AA
AA Akademi Müdür Yardımcısı Dr. Bilgay Duman, Irak Kürt Bölgesel Yönetimi (IKBY) Başbakanı Mesrur Barzani'nin Türkiye'ye gerçekleştirdiği ziyaretin sonuçlarını ve bölge dinamikleri çerçevesinde IKBY-Türkiye ilişkilerini AA Analiz için kaleme aldı.
***
Suriye'de Beşşar Esed rejiminin devrilmesinin ardından Orta Doğu'nun ana gündemi Suriye oldu. Her ne kadar Suriye'de yeni bir yönetim oluşturulsa da Suriye'nin kuzeyindeki terör örgütü PKK iltisaklı alan ve bu yapının başta Amerika Birleşik Devletleri (ABD) olmak üzere dışarıdan bulduğu destek, sadece Suriye açısından değil bölge ülkeleri açısından da bir tehdit oluşturuyor.
Bu tehdit, özellikle terör örgütü PKK'nın yoğun faaliyet gösterdiği ve yerleşime sahip olduğu Irak'ta kendisini gösteriyor. Son dönemde IKBY'den Türkiye'ye yönelik gerçekleştirilen ziyaretler de bu sürecin bir göstergesidir.
7 Ocak 2025'te IKBY Başbakanı Mesrur Barzani, Türkiye'yi ziyaret ederek Cumhurbaşkanı Recep Tayyip Erdoğan ve Dışişleri Bakanı Hakan Fidan ile bir araya geldi.

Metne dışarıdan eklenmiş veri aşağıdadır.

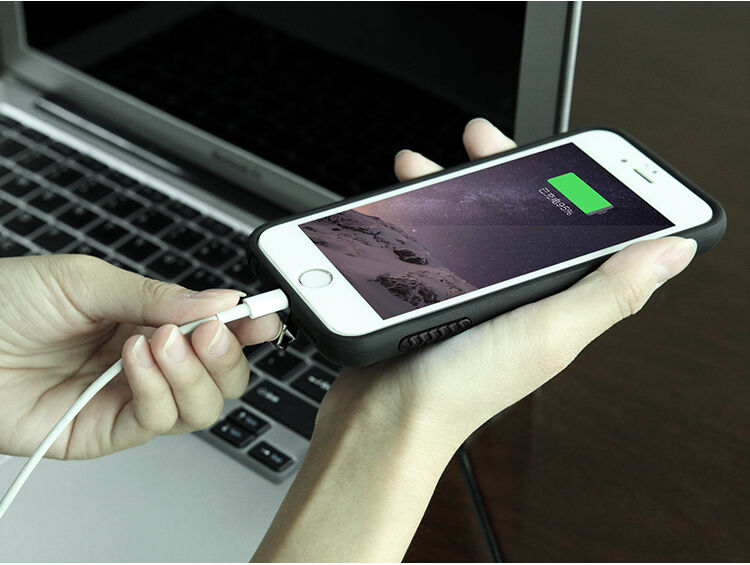 Carcasă / husă super rezistentă NILLKIN, pentru încărcare wireless Qi, pentru Apple iPhone 6S / 6 - neagră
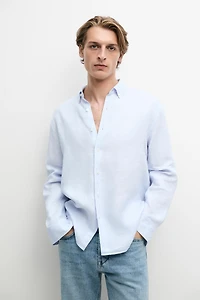 100% linen shirt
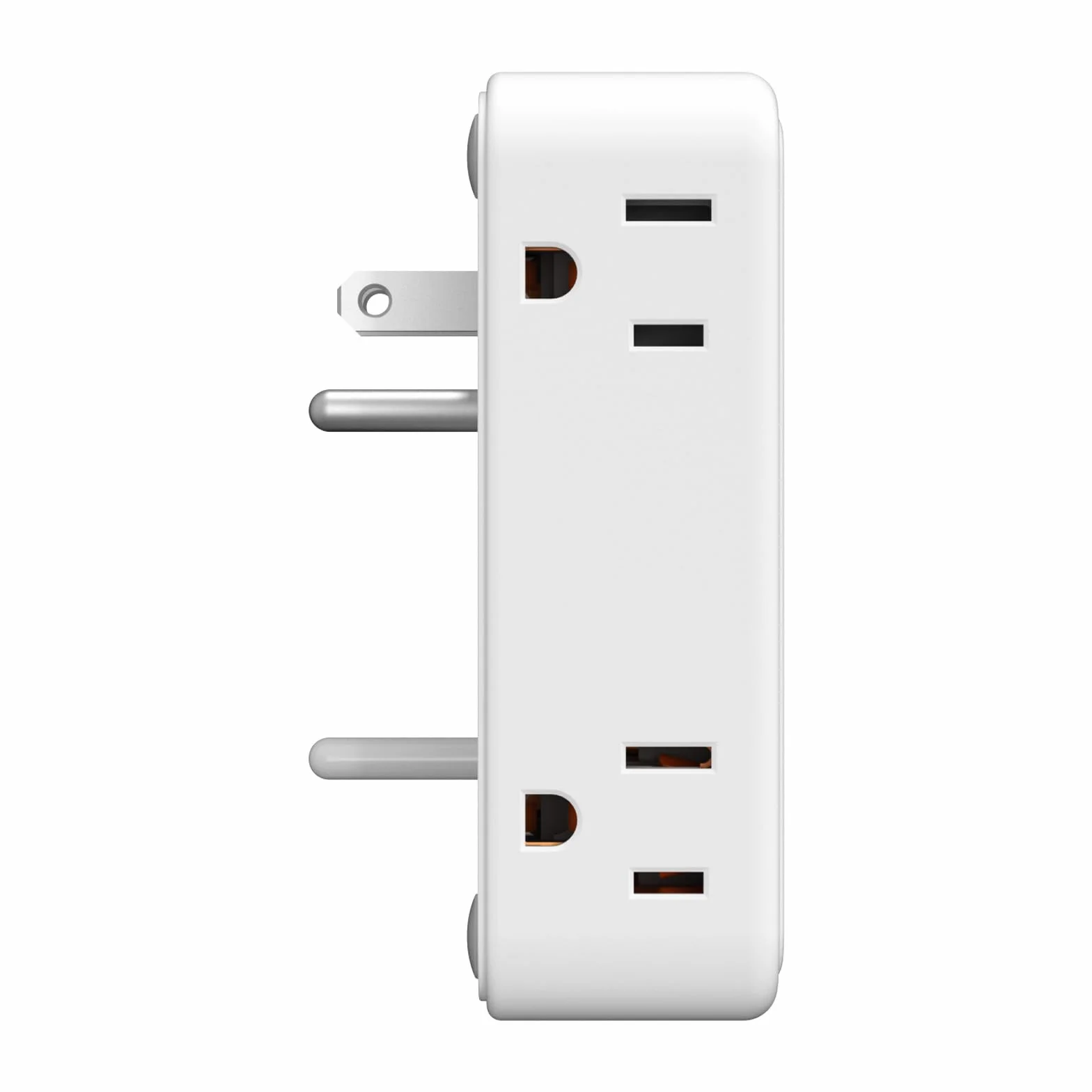 przedłużacz gniazda USB, ładowarka ścienna z 6 gniazdami AC i 4 portami USB (2 porty typu C i 2 porty typu A), listwa zasilająca z 3 stronami, do podróży, statków wycieczkowych,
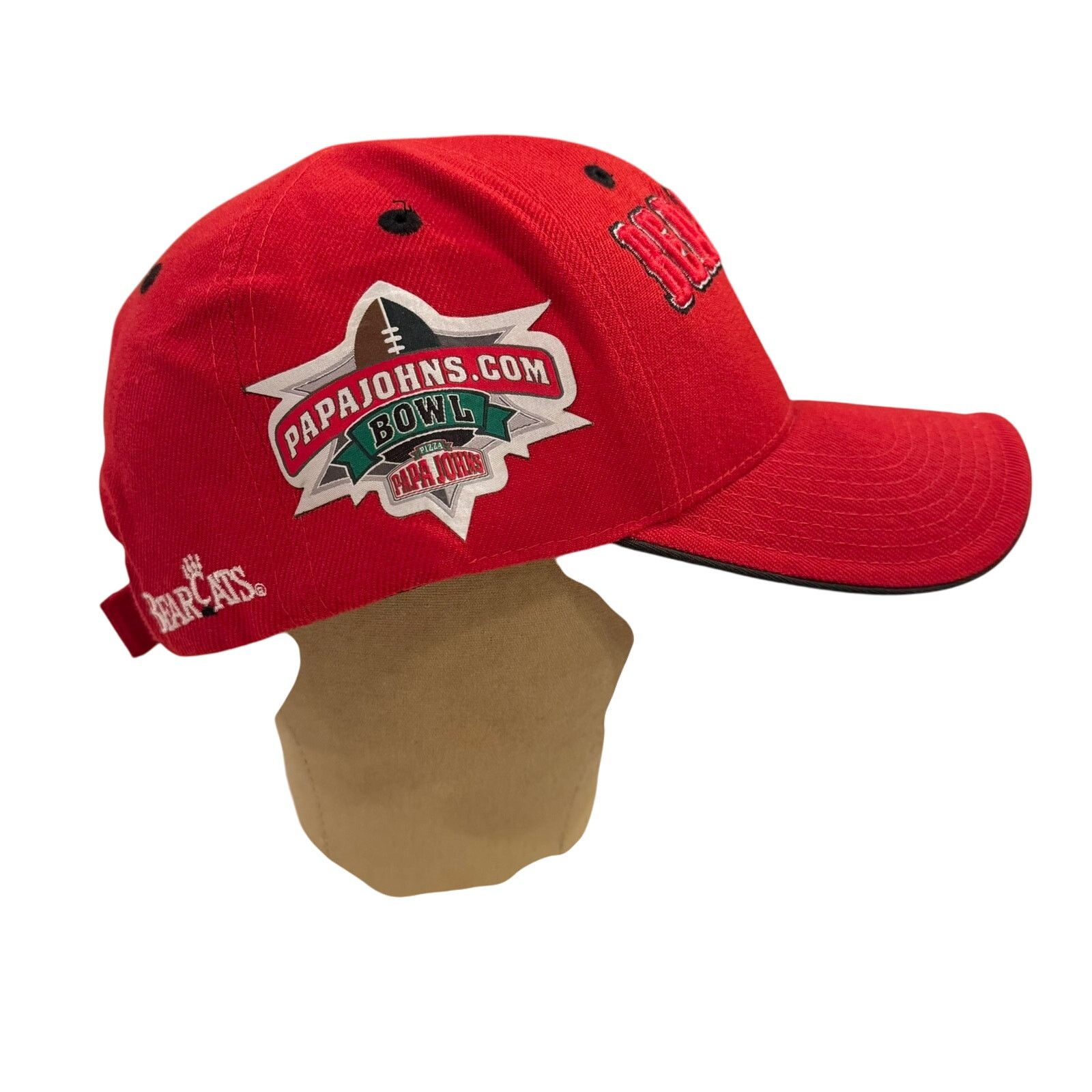 Colosseum Athletics Cincinnati Bearcats Papa Johns Bowl Hat Size ONE SIZE - 4 Thumbnail
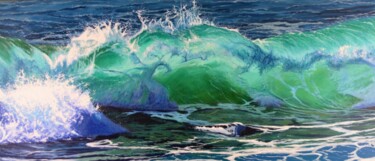 Painting titled "Gentle wave" by Mantas Naulickas, Original Artwork, Oil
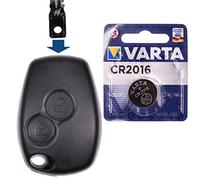 Pièces de Cas pour Renault Car Key Radio Distance avec 2 Boutons + Batterie Compatible avec Twingo II Clio III Kangoo II Mode IV maître du Vent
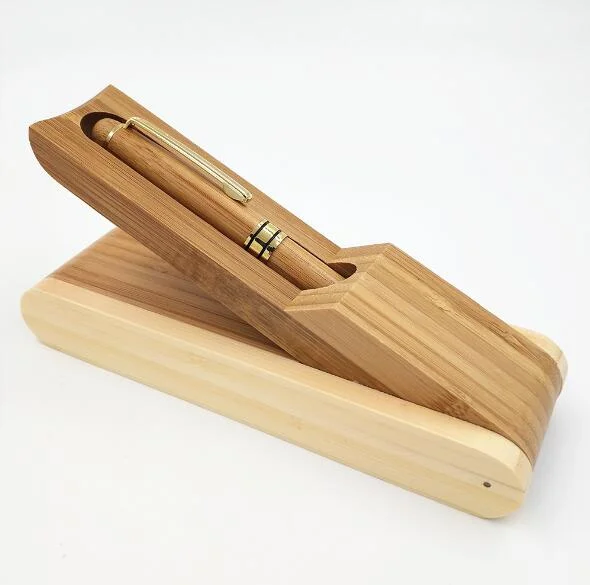 Retailing Maple Rosewood Bamboo Wooden Pens with Gift Box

Cumhurbaşkanlığından yapılan açıklamada, Suriye'deki gelişmeler ışığında Türkiye'nin Irak'ın istikrar ve güvenliğinin muhafazasına önem atfettiğinin vurgulandığı belirtilerek, Türkiye'nin Suriye'deki gelişmelerin bölgede yeni istikrarsızlıklara yol açmaması için gayret gösterdiği, yeni Suriye'nin geleceğinde terör örgütleri ve iltisaklı unsurların olmadığı ifade edildi.

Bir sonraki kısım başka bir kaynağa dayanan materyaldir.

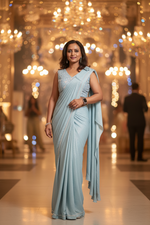 Load image into Gallery viewer, Pre Stitch Designer Cocktail Saree - C
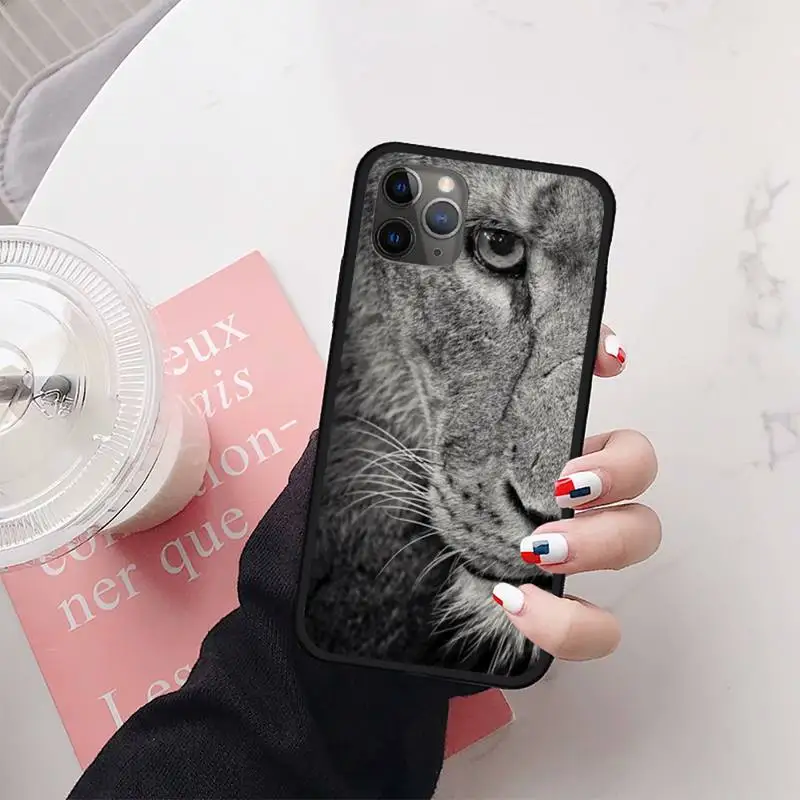 

Animal tiger lion leopard Phone Case for iPhone 11 12 mini pro XS MAX 8 7 6 6S Plus X 5S SE 2020 XR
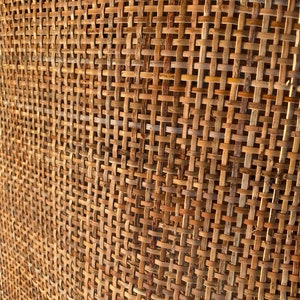 Rattan Cane Webbing Width 20'' Dark Natural Radio Rattan Cane Mesh Webbing  Roll/caning Material for Cane Furniture, Restoration and DIY -  Norway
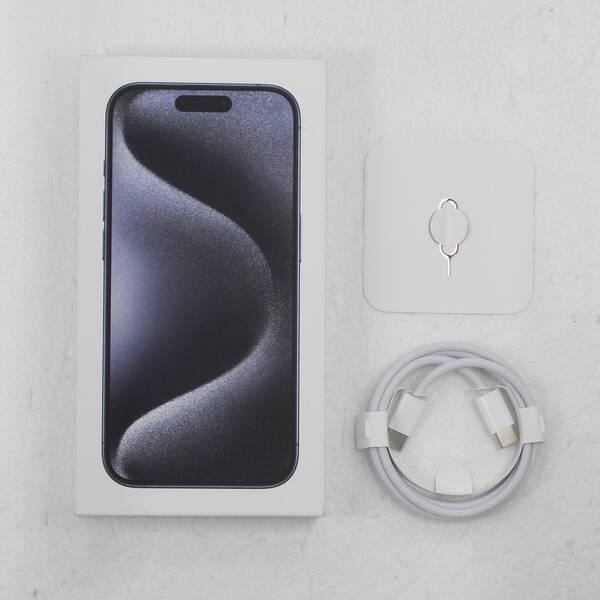 〔中古〕Apple(アップル) iPhone15 Pro 128GB ブルーチタニウム MTUA3J／A SIMフリー〔368-ud〕 |  | 04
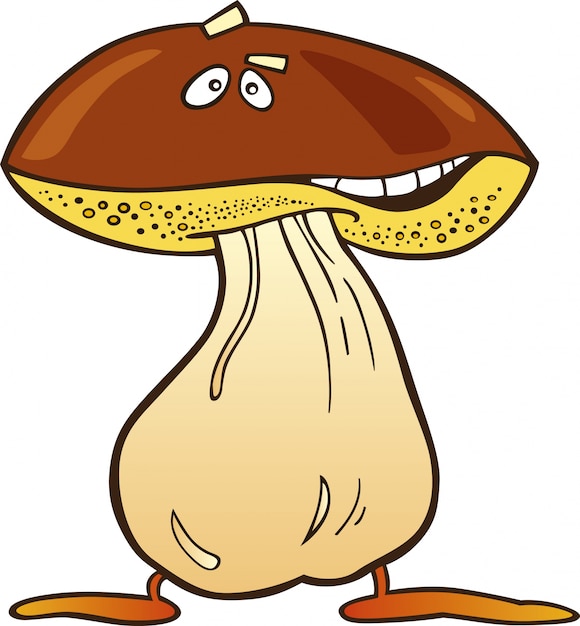 Champignon De Dessin Animé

Mesrur Barzani ise yaptığı açıklamada, ikili ilişkilerin güçlendirilmesinin yanı sıra, Irak, bölge ve Suriye'deki son gelişmelerin ele alındığını vurguladı. Burada her iki açıklamada da Suriye'nin özellikle vurgulanması oldukça dikkat çekici. Terör örgütü PKK'nın Suriye'de kazandığı alan ve etkinlik sadece Suriye'deki Kürt politikası açısından değil Irak'taki Kürt siyasetine de olumsuz etkiliyor. Terör örgütü ve iltisaklı yapılar Suriye'de güç kazanıp uluslararası aktörlerle temas ve işbirliği yaptıkça, Irak'taki Kürt siyasetinde de etkinlik ve alan kazanıyor.

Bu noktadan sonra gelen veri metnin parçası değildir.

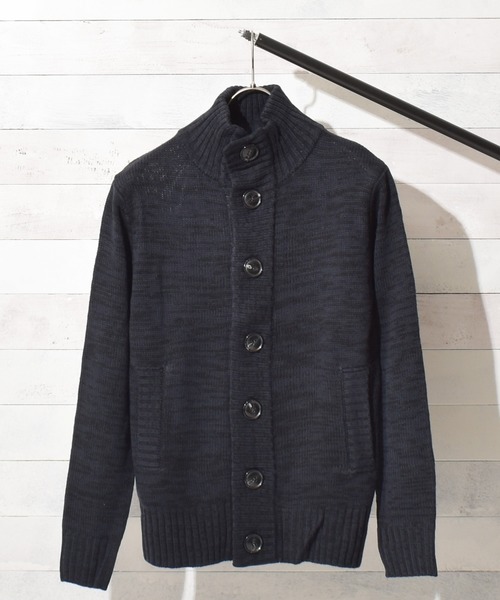 Bling Leads カーディガン 「Bling Leads」ニット素材ハイネック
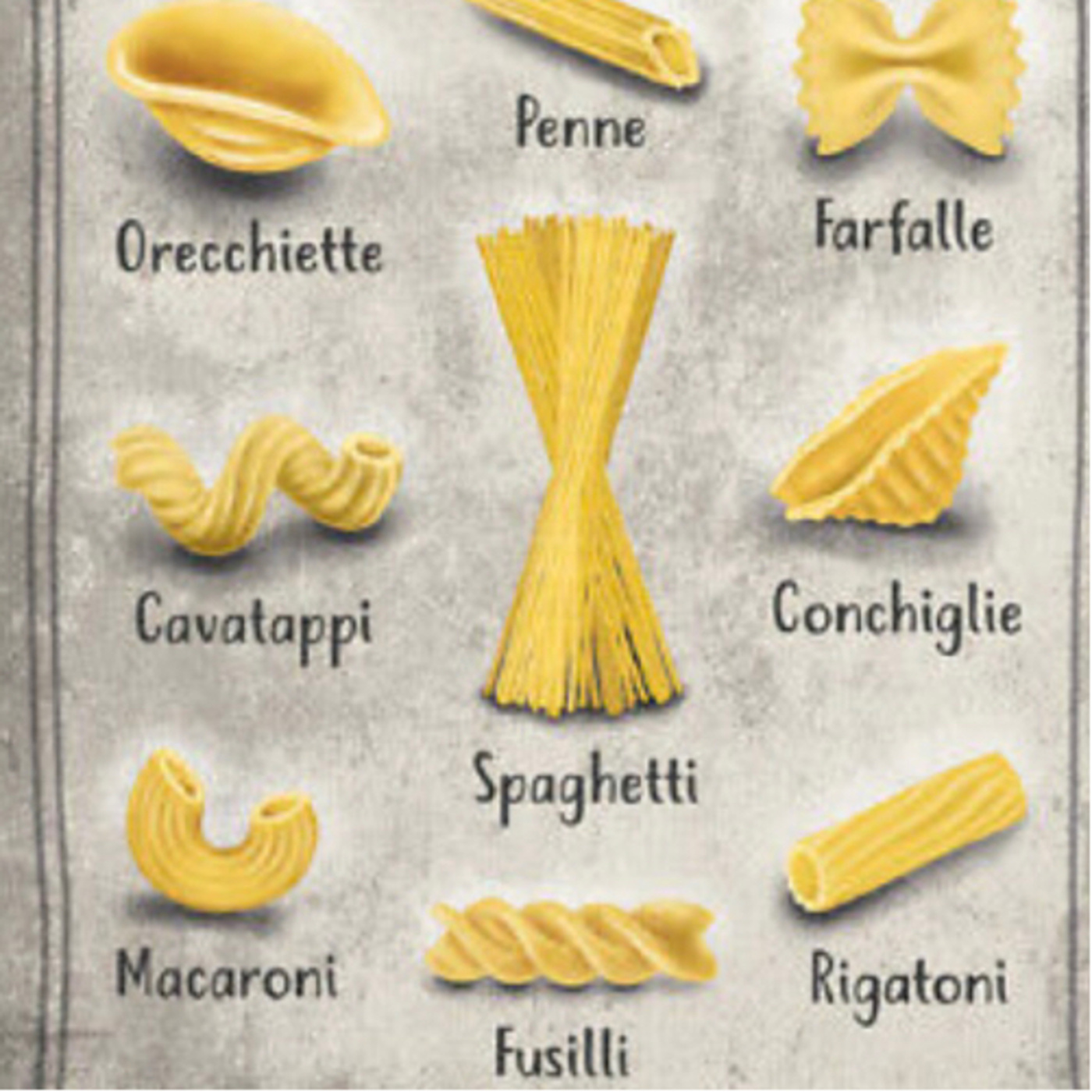 The Different Type of Italian Pasta episode artwork
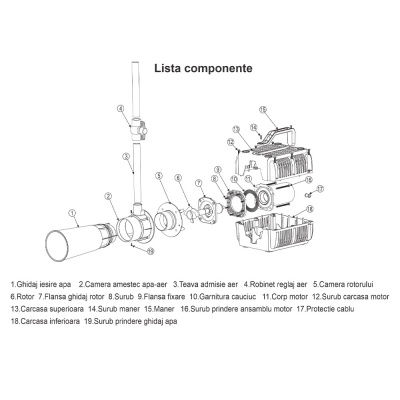 Pompa aerare iaz Hailea BF400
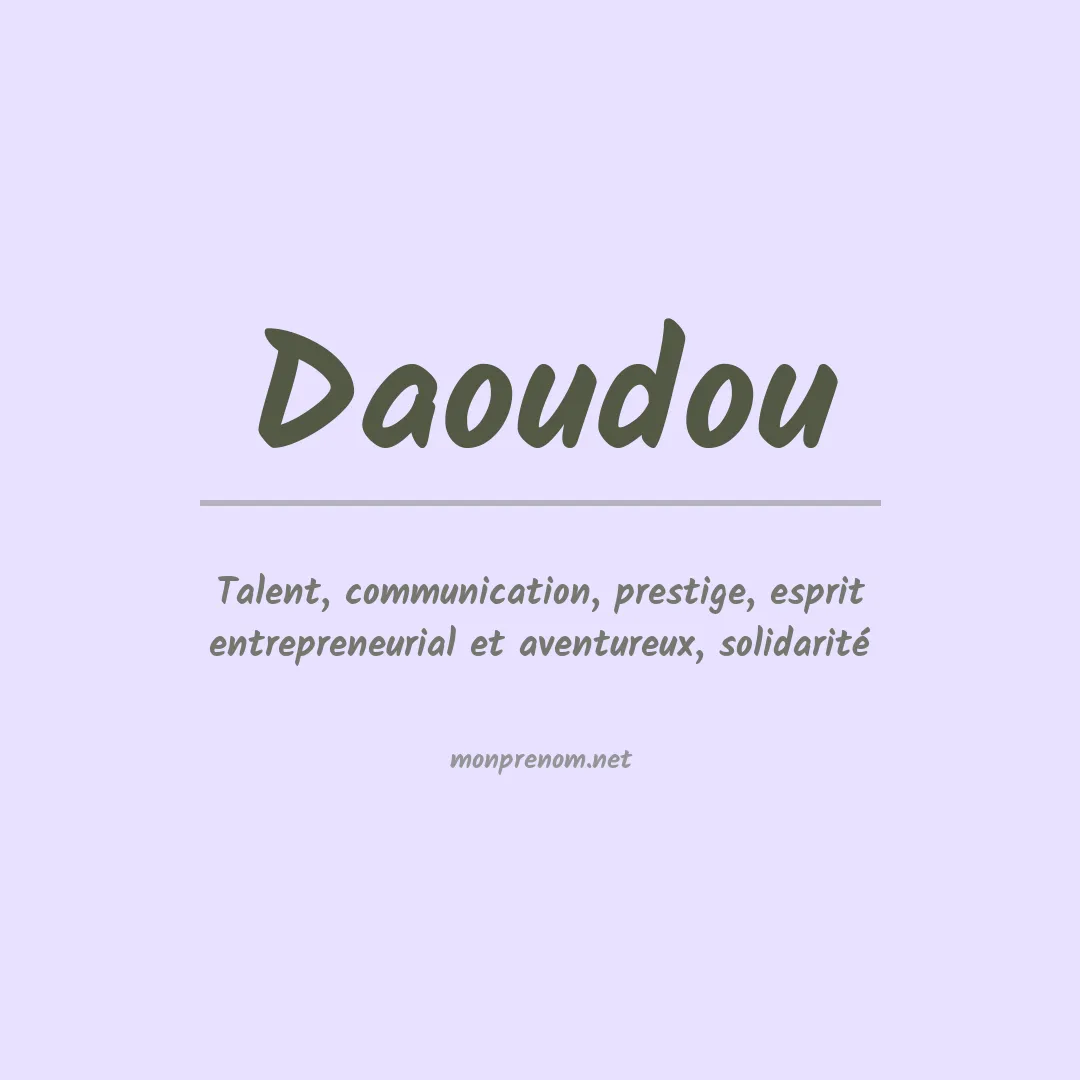 Signification du prénom Daoudou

- PKK'NIN IRAK KÜRT SİYASETİNE ETKİSİ
PKK'nın Suriye'deki siyasi, idari ve coğrafi kazanımları, Türkiye içerisinde bir etki oluşturmasa da yönetimsel ve siyasal bir kriz ve istikrarsızlık içerisinde olan IKBY açısından bir problem. Öncelikle Kürdistan Demokratik Partisi (KDP) ile aynı etki alanı içerisinde taban bulabilen PKK ve iltisaklı yapılar, KDP'nin liderlik ve öncüllüğüne zarar vererek rekabete yol açarken, Kürdistan Yurtseverler Birliği (KYB) açısından da KDP'ye karşı kullanılan bir araca dönüşüyor. Böylece PKK da Irak Kürtlüğü üzerinde bir aktör olma konumunu pekiştiriyor.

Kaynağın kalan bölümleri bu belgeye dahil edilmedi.